Creating lasting images that are memorable can be a challenging thing to do on Christmas day. There is food to be prepared. Presents to be unwrapped. Family to entertain. So how can you get shots that are memorable?
Top 9 Tips for great Christmas Photography
Photographing people can be the most interesting form of photography but can also be the most challenging. As with all forms of photography there are many variables: Light, colour, weather conditions, movement all impact on the quality of the photo. Drop a person into the mix with their own history and individuality and you have a vast range of variables to work with to get the right shots. The bigger the group, the more complex it can become and Christmas is no exception!
Make sure your camera is ready in time for the opening of presents! Ensure your camera is charged up ready to go so that you can capture the faces as they light up with the joy of Christmas.

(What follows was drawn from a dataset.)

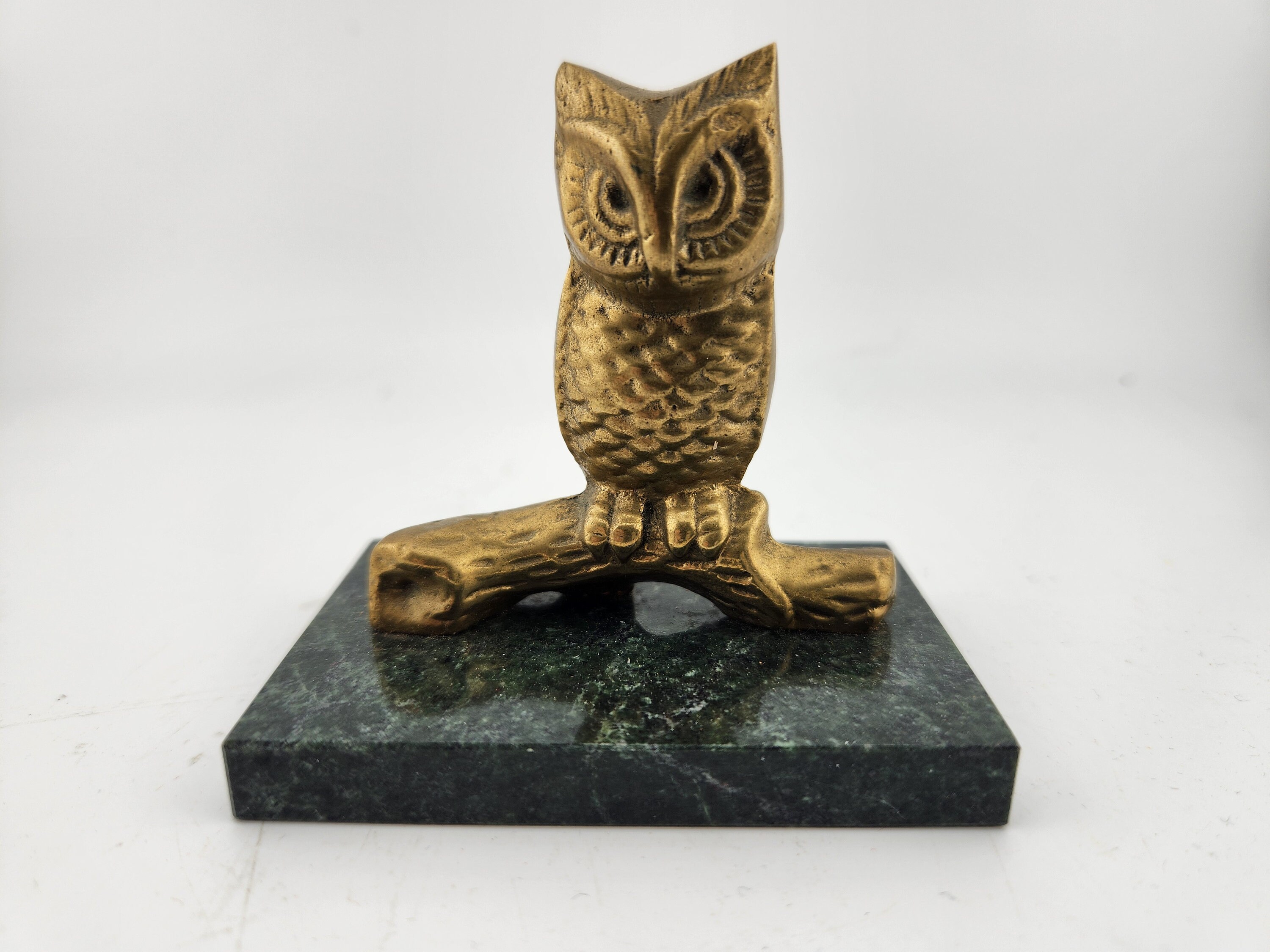 Vintage Brass Owl and Tree Limb attached to a marble base - base is 3" x 2" and height is 
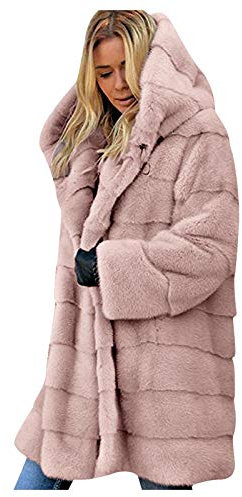 Damen Oversize Winter Mantel Faux Fur Kunstfell Jacke Kunstpelz Warm Lange Pelzmantel Felljacke Flauschige Elegant Cardigan Parka Coat mit Kapuze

All professional photographers will always have their camera ready with the correct settings before the shoot. Be like the pros and have it ready before the kids wake up in the morning and see that Santa has been. You can shoot on automatic but your shots will always look better if you understand how to use the manual settings. Perfect exposure isn’t as difficult as you think. There are 3 settings that affect how much light is coming into the sensor. Consider them like a triangle and how each side impacts the other.
Tip #2 Shutter speed
How fast should I shoot? If you are shooting on a DSLR then you need to make sure that your shutter speed is a minimum of 1/60 second. Anything less than this will result in potentially blurred shots. With image stabilisation on lenses these days you can probably get it down to 1/40 second, but if you are photographing children opening presents, you need to have it at around 1/125 second to capture the movement. If children are jumping around and moving more vigorously you will need a faster shutter speed to capture the motion, 1/250 second.
Tip #3 Aperture
If you are photographing in low light (most kids get up before the sun on Christmas morning in my house!) You will probably need to keep the aperture as wide as possible in order to let enough light in. If you would like to have a broad focal length so that everyone is in focus across the room then you will need to go up to at least F8.
If you are photographing with no light source such as a flash you will need to have an ISO that is high enough to capture the movement. The downside of high ISO is that you will lose some detail in the image. If you are shooting indoors you will probably need a minimum of 800 ISO.
If you find all of the above tips confusing, you can always choose to use your iPhone or automatic settings on your camera. The following tips are relevant for any camera not just DSLRs. Composition is the cornerstone of great photography and with a few tricks up your sleeve you will have better looking photos that make your subjects look great!
Tip #5 Composition
Photographing groups of people so that they all look great and don’t look like a football team can be tricky. You will always get some family members who will either hide behind someone else or jump out front and place their hands in front of someone else’s face! How do you get everyone positioned so that you can get everyone looking great? That comes down to great direction from the person with the camera.
Groups of people are best positioned so that they are on different planes. You may need to change the position depending on height. Creating triangles or diamond shapes will create interest in the shot.
Make sure all of your subjects are in shot and not hiding but also try to reduce the space between each persons face. With family shots it is important to show connection by tightening up the spaces and leaning into the shot.
Tip #6 Rule of thirds
Framing and composition is all important for getting a great shot.
Always aim to place items of interest on the intersecting points of the thirds.
Most cameras have a rule of thirds ruler in the view finder. When you use this technique your photos will go from boring snapshots to interesting shots you’ll be proud to put into a frame.
Tip #7 Lighting
Always be aware of where your light source is.
When photographing indoors try and find a natural source of light through a window to help with getting more light on your subjects. This can prove to be challenging as the camera will think you are exposing for the outside. Always ensure your focal points are on the subject, not light coming in from the window. Using flash will always assist with adding light, but use is sparingly as it will flatten your subjects.
When photographing outdoors, cloud cover provides the best light for photographing people. High cloud cover provides a lovely diffuse light. Sun can make harsh shadows and is not always flattering on faces. Middle of the day is the worst time but can be eliminated by finding suitable shadow (under tree, roof , etc.)
Posed or Candid
Capturing those magic moments comes down to timing. Be prepared!
When you photographing kids you have to be able to move quickly. When your kids are opening presents, get down onto their level so that you can see them in their excitement. Perspective is everything when it comes to composing a great image. The difference between photographing from up at adult height and down low at the kids level is the difference between the creating a photo with great connection and a snap shot.
Tip #9 Framing
We all have those photos where your Aunty has cut off your head or chopped off too much of your shoulder in photos and things just look a bit odd.
When photographing people it’s important to frame them well.
If you crop using the green lines indicated in the image at left your subjects will look less like amputees and more balanced.
Using our top tips for photographing people on Christmas Day you will have some great shots to share with your family! Merry Christmas and happy shooting!